The other kind of Imam has been exemplified in the Holy Quran by the Pharaoh: "And We made them Imams who call to Fire." [The Holy Quran, 28: 41] (The Pharaoh was also this kind of Imam.) In this ayah, the word "Imam" has the same meaning as in the previous ayah I recited. That is to say, the worldly life of people, their religion, and their life in the hereafter are all controlled by the power of their chosen Imams, --who call people to the Fire-- Imams that can lead people to their destruction.
In spite of what they claim, even the most secular governments of the world are controlling the lives of the people, in this world and in the hereafter, whether they know it or not. The great cultural organizations that are leading younger generations, in all corners of the world, towards immorality and corruption are the same as those Imams who "call (people) to the Fire." Institutions of power call people to the Fire, because of their interests, because of their oppressive rule, and because of their desire to reach different political goals. The lives of people in this world and in the hereafter rests in their hands. They have full control over the bodies and souls of people.
A claim that the church of Christianity deals with spiritual matters, and the government deals with worldly matters is a fallacy.
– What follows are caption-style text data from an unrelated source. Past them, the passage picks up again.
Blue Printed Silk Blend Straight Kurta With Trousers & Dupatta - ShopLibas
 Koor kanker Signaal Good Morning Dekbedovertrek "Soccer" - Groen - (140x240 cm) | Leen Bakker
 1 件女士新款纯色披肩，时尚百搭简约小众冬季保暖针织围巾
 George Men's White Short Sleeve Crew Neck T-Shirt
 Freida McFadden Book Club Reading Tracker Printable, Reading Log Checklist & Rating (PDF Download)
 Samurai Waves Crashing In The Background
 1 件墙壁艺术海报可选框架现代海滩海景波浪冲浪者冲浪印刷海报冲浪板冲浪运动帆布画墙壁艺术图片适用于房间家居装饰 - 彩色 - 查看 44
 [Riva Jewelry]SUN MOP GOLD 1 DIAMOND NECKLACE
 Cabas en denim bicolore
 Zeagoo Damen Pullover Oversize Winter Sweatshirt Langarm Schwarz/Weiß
When power is in the hands of people, who are alienated from religion and ethics, the church will be at their service, spirituality will be crushed in the grasp of their powerful clutches, and the bodies and souls of humankind will be influenced by elements under their power: this is a persistent problem that humanity must deal with.
A society is either led by a just Imam --sent from God to guide people towards good deeds and justice-- or it's controlled by those (unjust leaders) who are alienated from justice and unfamiliar with it, bearing grudges against true justice in many cases: because, justice conflicts with their personal and material interests, so they hold grudges against it. It's always one of these two possibilities, and there is no third possibility.
Through the establishment of a government and a civil community in Medina, it was proven that Islam is not just limited to the offering of advice, preaching, and a verbal call to God: Islam wants the truths of divine rule to be realized in a society; and, this is not possible unless through the establishment of a divine government.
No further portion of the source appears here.